O carro segue rente à linha branca pintada ao longo do alcatrão. Já houve tempos em que uma linha recta sem fim à vista me podia trazer ansiedade. Agora, não. Somos outros quando já não perguntamos: quando é que chegamos? Quanto tempo demora?

Ainda me lembro de ouvir a minha filha, repetidamente, fazer essas perguntas. Acho que nunca as fiz, mas sentia a lentidão do tempo e apressava-me a querer viver velozmente. Agora foi o tempo rápido, mais veloz do que nunca, a apanhar-nos. Há muito que esse tempo se tornou vertiginoso. Vamos cheios de pressa a lado nenhum. Por isso, faço com agrado a viagem junto à linha branca. Um guia para não deslizarmos.

Da janela embaciada, onde a minha respiração desenha palavras imaginárias, avisto a natureza que rebenta em força. Um ciclo novo que nos lembra a teimosia de vingar. Passamos a vida a ir abaixo e a vir à superfície. E a tantos, tantas vezes, falta a força de voltar a respirar o ar pesado. Não me lembro de em miúda ficar tão fascinada com a natureza como agora.
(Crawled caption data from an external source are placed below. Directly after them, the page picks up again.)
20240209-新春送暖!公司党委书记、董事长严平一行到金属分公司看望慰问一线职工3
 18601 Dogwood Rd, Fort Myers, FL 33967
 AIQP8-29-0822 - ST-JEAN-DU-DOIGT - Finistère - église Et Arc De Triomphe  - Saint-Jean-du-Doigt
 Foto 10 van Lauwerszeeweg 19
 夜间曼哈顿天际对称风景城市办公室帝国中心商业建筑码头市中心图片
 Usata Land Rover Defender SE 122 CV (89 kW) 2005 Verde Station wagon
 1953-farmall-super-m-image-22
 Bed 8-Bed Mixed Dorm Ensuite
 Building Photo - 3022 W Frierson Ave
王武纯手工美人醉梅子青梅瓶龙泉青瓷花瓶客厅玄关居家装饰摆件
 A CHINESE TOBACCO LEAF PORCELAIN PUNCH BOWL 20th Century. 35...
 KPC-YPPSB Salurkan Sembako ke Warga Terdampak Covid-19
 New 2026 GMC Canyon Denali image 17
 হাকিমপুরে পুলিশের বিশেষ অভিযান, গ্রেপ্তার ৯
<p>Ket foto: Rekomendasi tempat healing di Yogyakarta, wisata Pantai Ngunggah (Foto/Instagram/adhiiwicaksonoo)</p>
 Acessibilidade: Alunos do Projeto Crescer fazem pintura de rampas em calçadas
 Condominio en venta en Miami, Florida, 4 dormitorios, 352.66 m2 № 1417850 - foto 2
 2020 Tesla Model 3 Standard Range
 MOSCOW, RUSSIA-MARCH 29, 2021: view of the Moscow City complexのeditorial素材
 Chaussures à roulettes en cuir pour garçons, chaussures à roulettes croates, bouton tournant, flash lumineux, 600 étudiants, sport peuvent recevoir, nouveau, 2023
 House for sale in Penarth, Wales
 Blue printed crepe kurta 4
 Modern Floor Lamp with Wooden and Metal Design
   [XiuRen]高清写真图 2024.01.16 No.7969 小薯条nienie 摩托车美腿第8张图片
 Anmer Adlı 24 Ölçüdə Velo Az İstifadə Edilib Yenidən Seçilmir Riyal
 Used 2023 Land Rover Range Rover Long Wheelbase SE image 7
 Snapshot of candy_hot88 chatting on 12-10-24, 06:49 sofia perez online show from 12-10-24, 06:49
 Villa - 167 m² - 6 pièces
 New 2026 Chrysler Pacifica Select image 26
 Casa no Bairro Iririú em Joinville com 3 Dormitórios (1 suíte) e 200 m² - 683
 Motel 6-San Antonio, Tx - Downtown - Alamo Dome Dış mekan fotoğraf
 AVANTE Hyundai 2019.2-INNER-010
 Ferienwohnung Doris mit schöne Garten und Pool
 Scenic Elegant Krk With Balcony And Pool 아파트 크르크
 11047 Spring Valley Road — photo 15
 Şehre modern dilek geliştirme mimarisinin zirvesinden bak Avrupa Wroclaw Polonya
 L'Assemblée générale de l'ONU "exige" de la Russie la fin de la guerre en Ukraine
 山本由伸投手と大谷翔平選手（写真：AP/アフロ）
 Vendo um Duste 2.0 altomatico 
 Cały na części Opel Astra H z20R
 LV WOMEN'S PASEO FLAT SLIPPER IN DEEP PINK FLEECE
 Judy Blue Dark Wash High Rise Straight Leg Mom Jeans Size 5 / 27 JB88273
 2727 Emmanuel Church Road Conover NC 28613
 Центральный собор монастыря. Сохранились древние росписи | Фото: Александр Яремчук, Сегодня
Íamos em rituais de estação apanhar girinos aos regatos transparentes. A água corria com tanta força, e entre as chuvas atirávamos as pedrinhas que replicavam o primeiro estremeção na água. Depois era o tempo dos grilos, a gaiola de plástico que talvez se comprasse na feira. A alface enfiada como combustível para o canto aprisionado. Quando íamos para a praia (a minha infância foi toda a pé), eu fixava o vento forte a assobiar nos canaviais, mas não sabia processar tudo o que via. Apenas acumulei informação que agora me traz conforto. O mesmo que me permite olhar pela janela embaciada que a manga preta de lã limpa admirando esta lição da natureza. Quando já não estivermos cá, ela continuará a insistir em crescer. Teríamos muito a aprender no convívio de mais perto com a terra. Porque a natureza nos dá grandes recados lembrando-nos de que somos dispensáveis, até pela forma como teimamos em tratá-la.

A janela outra vez: são milhares os pinheiros que rebentam fortes com as chuvas do Outono. No Verão voltaremos a ouvir falar de “mão humana” no extermínio do que mais belo nos rodeia. Então sinto aquela aflição repetida de pensar que a natureza precisará novamente de força para vingar. Projecto-me nela. Lembro-me de quantas vezes podemos recomeçar? Até quando?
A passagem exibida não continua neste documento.